Use Filezilla and set the encoding to auto.

Well, ASCII strongly implies that the transmission will not be eight-bit clean. This is not what you want for a compressed file, unless you’ve encoded it with something like base64 before transmitting.

This is simply wrong. First, Unicode is up to requiring 32 bits now, and, second, there are ways to encode Unicode that aren’t based around 16-bit values at all (UTF-8, one of the most common ones, is an example).

I guess I’m way behind on Unicode. Either way Unicode shouldn’t have anything to do with a file being FTP’d as binary, agreed?

Use the BIN command to transfer in binary mode. Always.

The original ASCII code is 7-bit, and IIRC the 8th bit is used at the system discretion for parity checking or what-not. I think the FTP option to use ASCII allows ASCII text to be transmitted properly between two systems that use that 8th bit differently. The binary option preserves the bits exactly. I don’t know if there are any systems that still use 7-bit ASCII or whether this whole thing is now an obsolete issue, but is it vaguely possible that transmitting ASCII data using the binary option could cause problems.

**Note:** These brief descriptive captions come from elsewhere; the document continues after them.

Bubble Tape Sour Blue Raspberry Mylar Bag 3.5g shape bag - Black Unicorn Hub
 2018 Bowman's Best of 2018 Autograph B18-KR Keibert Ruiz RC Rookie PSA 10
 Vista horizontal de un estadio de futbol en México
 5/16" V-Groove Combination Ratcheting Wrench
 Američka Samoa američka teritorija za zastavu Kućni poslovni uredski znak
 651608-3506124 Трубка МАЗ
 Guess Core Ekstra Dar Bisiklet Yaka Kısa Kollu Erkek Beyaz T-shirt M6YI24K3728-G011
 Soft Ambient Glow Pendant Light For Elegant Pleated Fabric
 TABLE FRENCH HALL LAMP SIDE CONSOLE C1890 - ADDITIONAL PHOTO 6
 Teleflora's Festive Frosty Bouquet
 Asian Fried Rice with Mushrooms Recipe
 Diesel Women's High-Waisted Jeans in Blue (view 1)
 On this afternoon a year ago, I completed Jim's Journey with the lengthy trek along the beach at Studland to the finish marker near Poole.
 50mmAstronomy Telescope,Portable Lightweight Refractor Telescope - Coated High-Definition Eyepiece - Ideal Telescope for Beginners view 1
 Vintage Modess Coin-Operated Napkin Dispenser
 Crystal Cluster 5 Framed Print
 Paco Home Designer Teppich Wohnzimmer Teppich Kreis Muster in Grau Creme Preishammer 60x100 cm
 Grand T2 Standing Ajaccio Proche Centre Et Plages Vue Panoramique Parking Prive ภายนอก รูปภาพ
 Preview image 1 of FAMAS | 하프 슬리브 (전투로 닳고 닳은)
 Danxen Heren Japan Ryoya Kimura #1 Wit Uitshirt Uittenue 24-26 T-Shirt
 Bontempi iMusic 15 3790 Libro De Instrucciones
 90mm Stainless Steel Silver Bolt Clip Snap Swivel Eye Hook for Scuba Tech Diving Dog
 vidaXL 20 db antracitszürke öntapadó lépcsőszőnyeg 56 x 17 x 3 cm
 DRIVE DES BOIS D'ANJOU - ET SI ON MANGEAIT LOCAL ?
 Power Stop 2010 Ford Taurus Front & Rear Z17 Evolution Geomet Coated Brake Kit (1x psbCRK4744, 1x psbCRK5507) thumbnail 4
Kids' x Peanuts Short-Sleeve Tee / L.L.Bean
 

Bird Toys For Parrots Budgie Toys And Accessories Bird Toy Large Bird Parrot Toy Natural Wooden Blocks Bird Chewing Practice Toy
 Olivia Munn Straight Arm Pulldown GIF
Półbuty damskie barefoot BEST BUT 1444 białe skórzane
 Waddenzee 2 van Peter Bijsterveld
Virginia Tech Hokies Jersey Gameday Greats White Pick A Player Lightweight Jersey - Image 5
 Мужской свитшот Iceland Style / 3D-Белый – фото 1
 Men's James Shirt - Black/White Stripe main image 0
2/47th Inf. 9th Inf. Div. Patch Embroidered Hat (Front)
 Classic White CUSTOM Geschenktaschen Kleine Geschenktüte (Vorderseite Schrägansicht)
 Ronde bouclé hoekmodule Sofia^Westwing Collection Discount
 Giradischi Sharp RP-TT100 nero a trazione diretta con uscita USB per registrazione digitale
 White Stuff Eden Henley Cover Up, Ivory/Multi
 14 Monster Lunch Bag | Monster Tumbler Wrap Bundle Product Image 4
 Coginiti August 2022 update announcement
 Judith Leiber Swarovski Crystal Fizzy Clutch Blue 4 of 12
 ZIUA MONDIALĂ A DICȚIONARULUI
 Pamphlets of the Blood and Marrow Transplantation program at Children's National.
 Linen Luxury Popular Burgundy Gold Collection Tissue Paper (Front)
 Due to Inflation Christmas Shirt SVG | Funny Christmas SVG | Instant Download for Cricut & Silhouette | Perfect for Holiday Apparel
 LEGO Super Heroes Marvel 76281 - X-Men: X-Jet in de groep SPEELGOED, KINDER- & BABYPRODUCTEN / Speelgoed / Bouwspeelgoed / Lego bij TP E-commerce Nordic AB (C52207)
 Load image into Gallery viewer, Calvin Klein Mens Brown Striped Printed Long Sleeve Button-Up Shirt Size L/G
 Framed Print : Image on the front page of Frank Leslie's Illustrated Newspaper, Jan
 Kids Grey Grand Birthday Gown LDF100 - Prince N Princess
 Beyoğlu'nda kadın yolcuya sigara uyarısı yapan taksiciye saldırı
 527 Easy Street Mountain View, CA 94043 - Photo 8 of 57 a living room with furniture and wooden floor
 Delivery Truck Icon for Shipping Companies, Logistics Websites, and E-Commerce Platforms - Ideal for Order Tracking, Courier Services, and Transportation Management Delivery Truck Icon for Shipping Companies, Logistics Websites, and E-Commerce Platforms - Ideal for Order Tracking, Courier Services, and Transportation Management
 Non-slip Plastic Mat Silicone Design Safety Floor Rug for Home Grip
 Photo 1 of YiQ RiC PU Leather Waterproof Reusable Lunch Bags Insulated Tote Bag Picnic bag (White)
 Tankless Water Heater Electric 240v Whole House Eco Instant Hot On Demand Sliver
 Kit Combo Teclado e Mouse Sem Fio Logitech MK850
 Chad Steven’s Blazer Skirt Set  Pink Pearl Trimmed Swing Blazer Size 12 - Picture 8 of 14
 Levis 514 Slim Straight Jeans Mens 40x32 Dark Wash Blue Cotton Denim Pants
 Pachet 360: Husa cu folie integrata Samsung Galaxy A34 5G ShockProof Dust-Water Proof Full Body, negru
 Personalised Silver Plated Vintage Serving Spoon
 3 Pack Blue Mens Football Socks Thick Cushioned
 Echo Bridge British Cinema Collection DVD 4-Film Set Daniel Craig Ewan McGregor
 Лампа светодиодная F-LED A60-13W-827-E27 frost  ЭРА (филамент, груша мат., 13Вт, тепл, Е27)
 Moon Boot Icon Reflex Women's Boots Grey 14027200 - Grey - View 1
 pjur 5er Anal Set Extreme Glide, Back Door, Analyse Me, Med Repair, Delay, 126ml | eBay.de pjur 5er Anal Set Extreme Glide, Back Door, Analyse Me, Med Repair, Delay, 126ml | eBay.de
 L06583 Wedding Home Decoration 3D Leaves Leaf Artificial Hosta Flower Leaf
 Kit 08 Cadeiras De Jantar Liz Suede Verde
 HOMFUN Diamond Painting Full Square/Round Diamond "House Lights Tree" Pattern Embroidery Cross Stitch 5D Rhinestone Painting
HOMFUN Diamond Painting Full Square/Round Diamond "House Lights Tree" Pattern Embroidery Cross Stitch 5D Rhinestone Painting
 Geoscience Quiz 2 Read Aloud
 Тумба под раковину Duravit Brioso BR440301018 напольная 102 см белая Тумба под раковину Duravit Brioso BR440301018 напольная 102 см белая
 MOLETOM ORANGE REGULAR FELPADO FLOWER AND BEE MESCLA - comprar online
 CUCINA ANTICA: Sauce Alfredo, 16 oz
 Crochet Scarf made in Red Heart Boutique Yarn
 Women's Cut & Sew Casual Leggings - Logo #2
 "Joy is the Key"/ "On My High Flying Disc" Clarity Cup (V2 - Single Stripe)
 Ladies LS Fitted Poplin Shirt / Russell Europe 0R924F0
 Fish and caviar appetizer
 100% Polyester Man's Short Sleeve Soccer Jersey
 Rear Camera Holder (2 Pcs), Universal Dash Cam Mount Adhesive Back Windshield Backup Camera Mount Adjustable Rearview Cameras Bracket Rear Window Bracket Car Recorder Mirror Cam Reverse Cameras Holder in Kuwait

I don’t know if I fully understand either you or FTP: If ASCII is eight-bit unclean (that is, the high bit is always cleared) then most Unicode encodings will be fatally mangled by being sent that way, with the exceptions of UTF-7 and the subset of UTF-8 that is ASCII-compatible. If ASCII means CR will be translated to CRLF or vice-versa, then UTF-8 will always make it through fine but many others may be fatally mangled.

I don’t know which interpretation is common in FTP-land; I always FTP in binary mode, myself.

“Binary” mode FTP is for anything that is not ASCII. ASCII has 7-bit characters, typically arranged in 8-bit bytes with the MSB set to zero.

The reason for this mode is because FTP is a fantastically shitty protocol. Somebody decided that it would be a good idea for FTP to look inside what it was transferring and tweak newlines when going between systems that use different newline conventions. (CRLF vs. just LF, for example.) Obviously, you don’t want to do this if you’ve got some non-text data where the byte that happens to correspond to CR should not be changed.

Unicode is not an encoding. Unicode is just a bigass list of numbers and characters associated with those numbers. A Unicode file might be encoded in UTF-8 or UTF-16 or other less common encodings. In all cases, they should be treated as binary files.

This, along with dumb ideas like separate TCP streams for data and control, are why FTP is lousy. SCP or even HTTP is much nicer if it’s available.